By The Coaches’ Voice for the Guardian Sport Network

I joined Arsenal as an 18-year-old in 2003. By the time I signed for Manchester City in 2011, football had changed. There was more focus on detail. We were starting to see that a player could make a difference with the ball, but make things difficult for his team without the ball. Out of possession, they may not cover enough ground or be placed in the right position.

I was always the type of player who wanted to find out how the team could be better. At City, I learned to enjoy defending. We knew that if we were leading 1-0 with 20 minutes to go, we weren’t going to concede. We had Joleon Lescott, Vincent Kompany, Micah Richards, Pablo Zabaleta and Aleksandar Kolarov. The manager, Roberto Mancini, prepared his defenders by making us work against six or seven players.

He said: “Guys, the way we play football, we count on you as a back four.” He meant that we needed to be able to deal with being outnumbered on transitions. Roberto would explain it like this: “If we want to create opportunities going forward, our best players need the freedom to lose the ball without it being an issue.” He worked on us feeling as comfortable defending against six or seven as when we had to defend against three or four.

His communication was important. If your manager leaves you four against three in transition and doesn’t explain why, you ask questions of them. But if they explain why, then you can more easily accept it. You can actually feel proud that the manager believes so much in you that he wants you to defend like that.

It was a moment where I thought: “Communication is what it means to be a manager.” It didn’t mean that all the players were happy, or agreed, but at least he touched certain players with why he was doing it. I felt so strong, so confident that we were not going to concede. It was a proud moment when we went back to the dressing room with a clean sheet.
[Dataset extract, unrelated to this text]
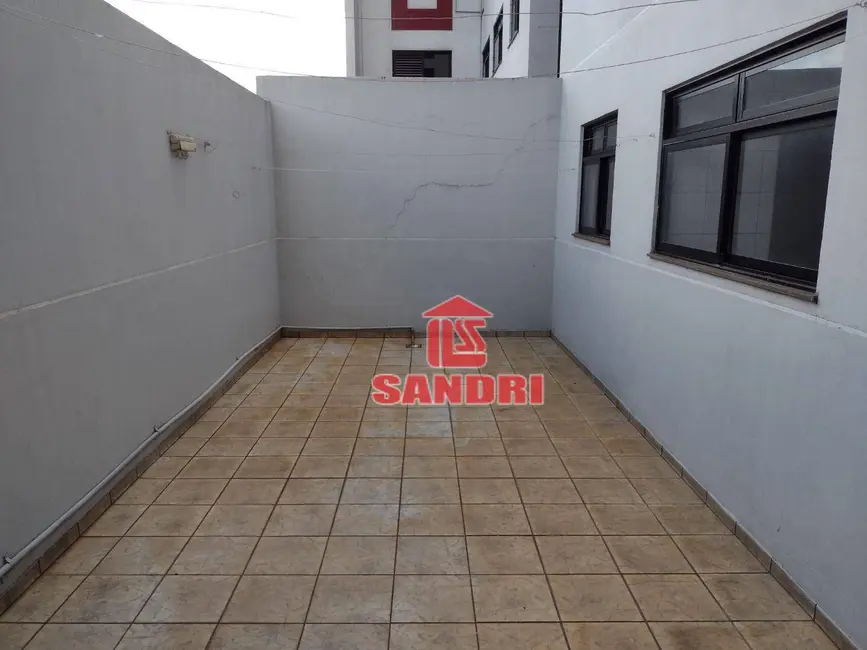 Apartamento para alugar, 129m2 em Zona 07, Maringa - PR - imagem 5 Foto 5 de Apartamento para alugar, 129m2 em Zona 07, Maringa - PR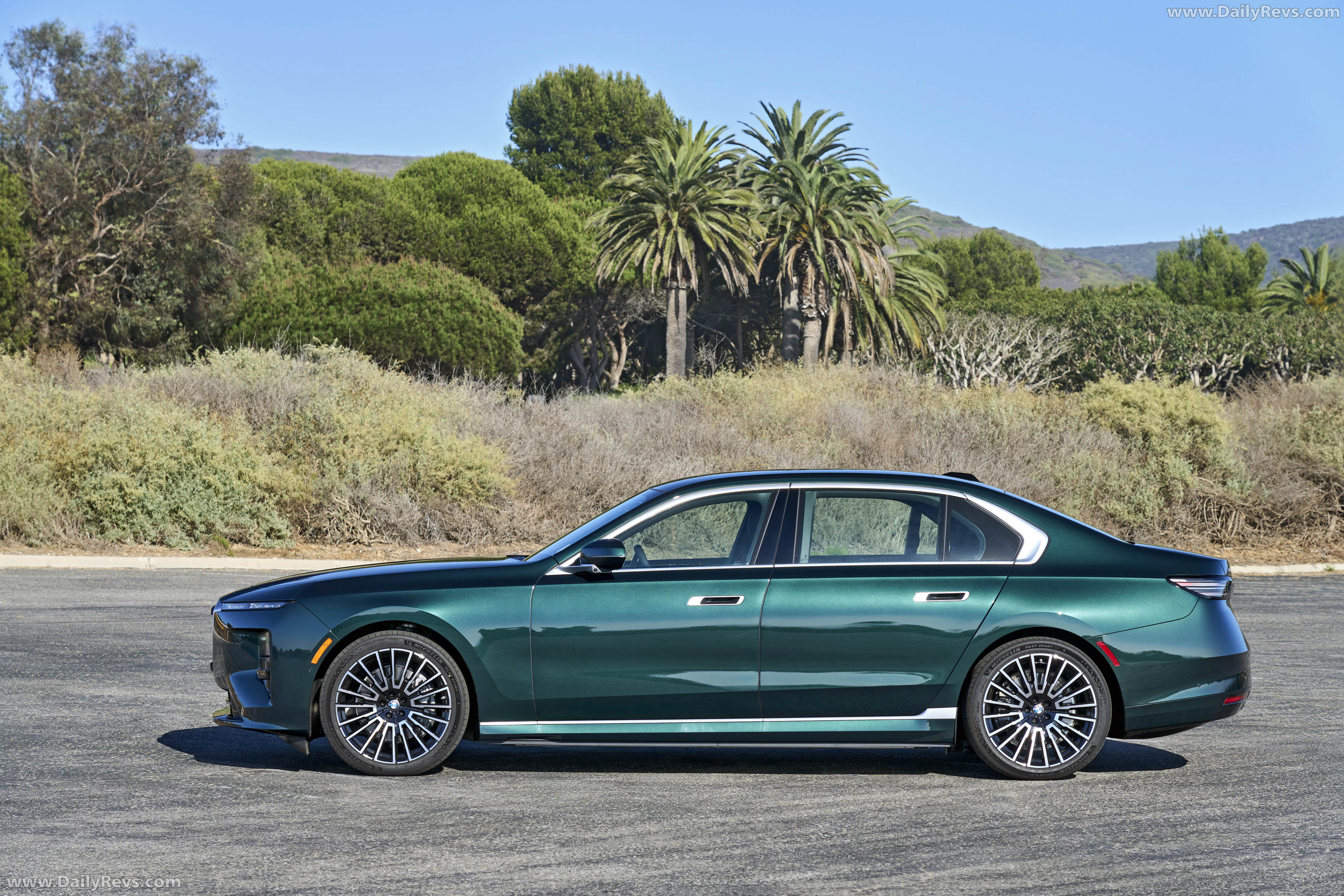 2027 BMW i7 60 xDrive G70 Vancouver Green Side View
Now, as a coach myself, I want my players to believe, to trust my word, to feel confident in what I want from them.

In April 2012, Manchester United were eight points clear of City with six games to go. We had a team meeting where Roberto told us: “Guys, I will not lie to you – eight points is a very big gap. But the way we’ve been playing, I am pretty sure that we are going to do it. I’m going to tell the press tomorrow that the title is over. But guys, between us here, we are going to play each game to close that gap and win that trophy. We will do it.”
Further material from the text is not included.